┌──

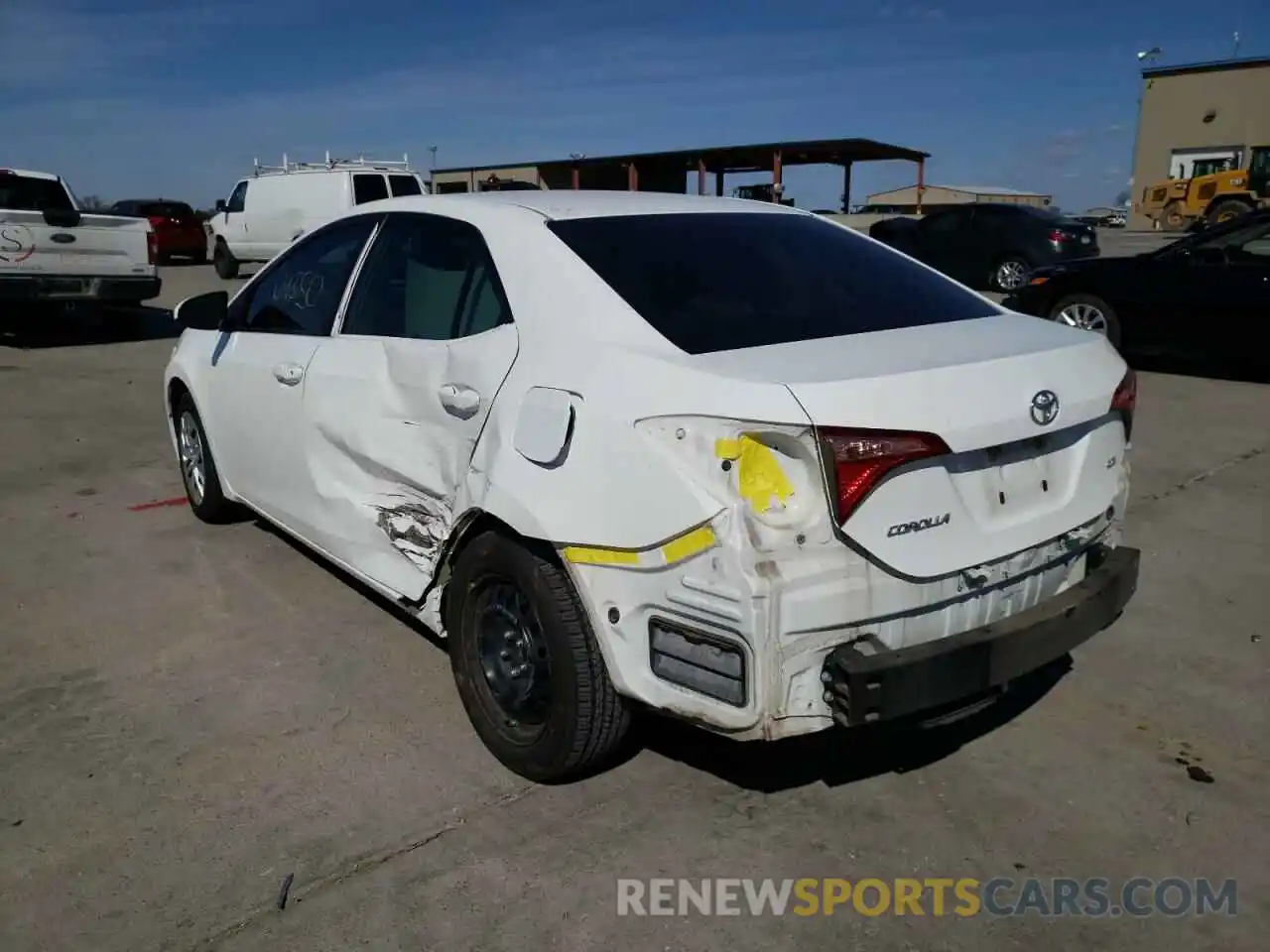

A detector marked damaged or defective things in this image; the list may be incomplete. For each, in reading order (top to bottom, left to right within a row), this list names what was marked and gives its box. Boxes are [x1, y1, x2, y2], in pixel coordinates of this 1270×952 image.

dented door [298, 209, 520, 599]
damaged white toyota corolla [164, 191, 1143, 781]
missing rear bumper [826, 547, 1143, 726]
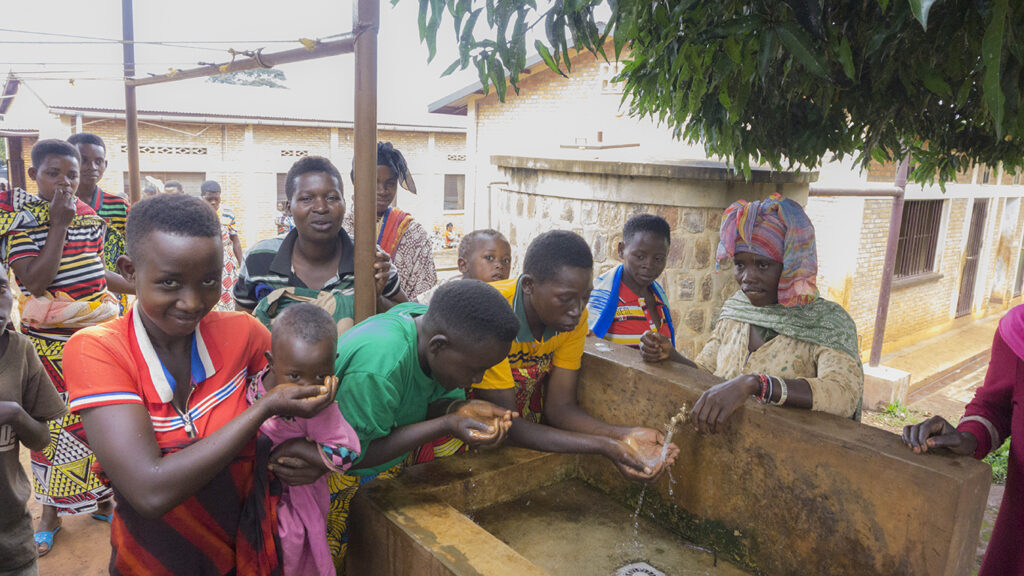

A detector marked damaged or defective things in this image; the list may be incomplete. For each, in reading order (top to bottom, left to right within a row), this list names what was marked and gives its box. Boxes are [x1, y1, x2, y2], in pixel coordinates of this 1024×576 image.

rusty metal frame [119, 0, 376, 317]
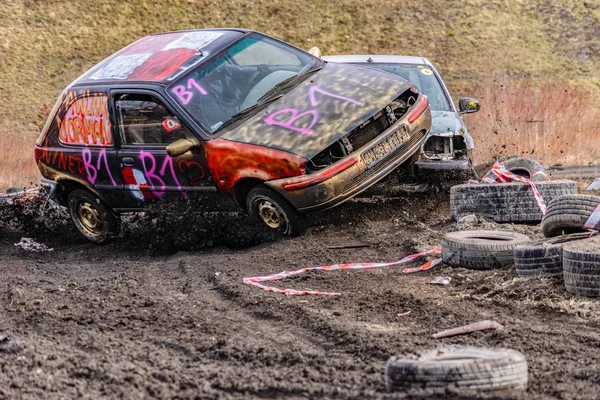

└──

■ Work instructions:
Return exactly the lines from the one with "this 1024×576 image." through the last line of the entries above, both ends included. No pictures may appear in the copy.

■ Answer for the task:
A detector marked damaged or defective things in this image; the list may be incomplete. For each, in reading order (top to bottom, left to right within a row), this list names what was marked and gives its box. Boxes are [x1, y1, x2, y2], in pixel coordinates of this 1024×576 image.

rusty metal frame [119, 0, 376, 317]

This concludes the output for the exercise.